Overall, from last school year to this school year, Grantham Middle School saw 8 less ODRS which is a decrease of almost 3%
Last school year, the area of concern was 7th grade referrals. This school year the 8th grade team has worked with the PBIS team to ensure effective administration of the PBIS rules, reiteration of expectations, assistance from additional supports, and strategic positive rewards.
This school year, there were 94 bus referrals.
This is 24 less than last year, which is 20% decrease.
Staff retention is an area each school would like to keep low. Some of the main reasons this is essential to PBIS are staff moral, staff training in PBIS, and school wide understanding of PBIS expectations and procedures. Grantham Middle School maintains 61 full time staff. In previous years we have loss up to 9 staff. This year we are only loosing three, all for positive reasons such as spouse job relocation.
As mentioned previously, Grantham Middle Schol does their best to ensure all staff are appreciated. This year alone, the school, not including events put on by the Caring Committee, hosted 4 different staff appreciation events. This was on top of the initiatives run through the PBIS team. It is so vital to the school atmosphere and the success of PBIS to have a staff who know they are appreciated and genuinely cared for. Not only has Grantham Middle School seen an overall and site specific decrease in ODRs, but an increase in staff retention as well.
Grantham has been honored to receive a score of 100% on their SET for the past four years. The PBIS committee takes the SET very seriously, working all year to ensure the staff and students fully understand the ins and outs of PBIS. The committee graciously receives the feedback from the SET each year and strives to continually improve on the areas of weakness.
PRACTICES: Implementation Inventory
Over the past several years, the Grantham School PBIS committee has continually reviewed the Implementation Inventory, looking for ways to improve implementation procedures. In the last two years we have almost scored 100% in all areas. The implementation of tier three practices, great buy-in from staff, administrative support, and community involvement in PBIS have pushed Grantham Middle School PBIS to be we what it is today.
Grantham School is so proud of the progress made over the past couple years in PBIS. Although they have seen such vast improvement, they are aware of an ever changing population and needs what will need to be addressed. They know the job is not done and will continue to strive for the the best, recognizing each student is valuable and needs the best opportunities possible to ensure they have the chance to become the best they can be.
With the completion of Tier 3 training, Grantham School PBIS continued their growth and received their first Exemplar Rating in 2014 and Model School in 2015.
The start of the 2015-2016 school year introduced a new school and a new name, Grantham Middle School. Now a 5-8 school separate from the elementary school (K-4), the PBIS team was able to focus on these grade levels and hone their focus as they engaged the middle school students in a more meaningful manner. The middle school received Exemplar Rating their first year.
Early on, due to being a K-8 school, it became apparent Grantham's PBIS committee would need to consist of representatives from each grade level and other areas around school. After years of work, this was accomplished in time for the 2013-2014 school year. In becoming a middle school, it was obvious we would continue with the success of including many stakeholders in the PBIS Committee. The team is scheduled to meet on the 1st Tuesday of each month with others as needed.

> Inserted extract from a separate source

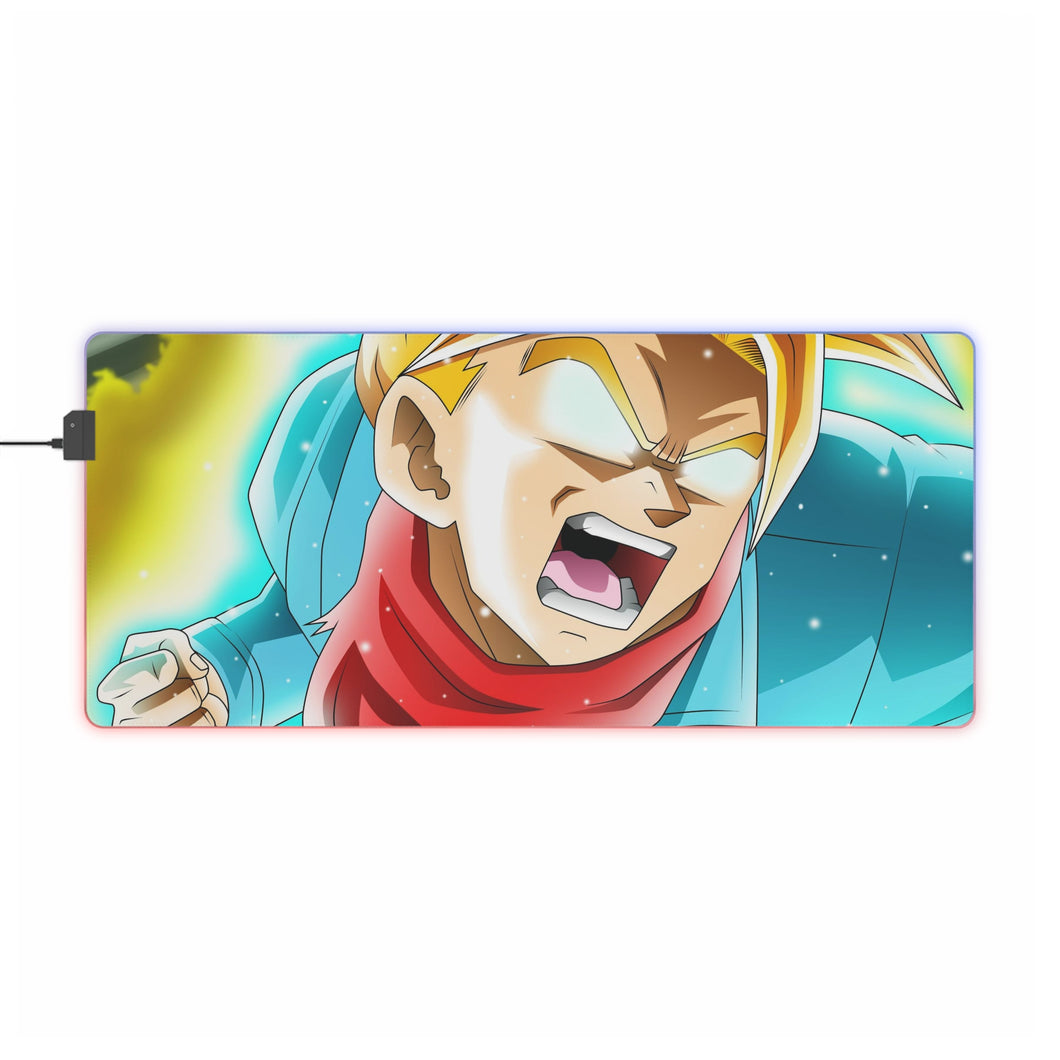 Dragon Ball Super RGB LED Mouse Pad (Desk Mat)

We are proud of our academics for many reasons. First, 6th grade students consistently showed growth. Not only did they show growth, but they exceeded expectations in ELA and math. This grade level continues to grow from year to year. The other grade levels did not show desired growth, but certainly show promise as we go into next school year.
Students this year were exposed to Project Based Learning which increased their awareness of how their education directly relates to real world scenarios. They also interacted with Air Force personal, becoming involved in community opportunists and once again seeing how what they are learning in school directly impacts their future.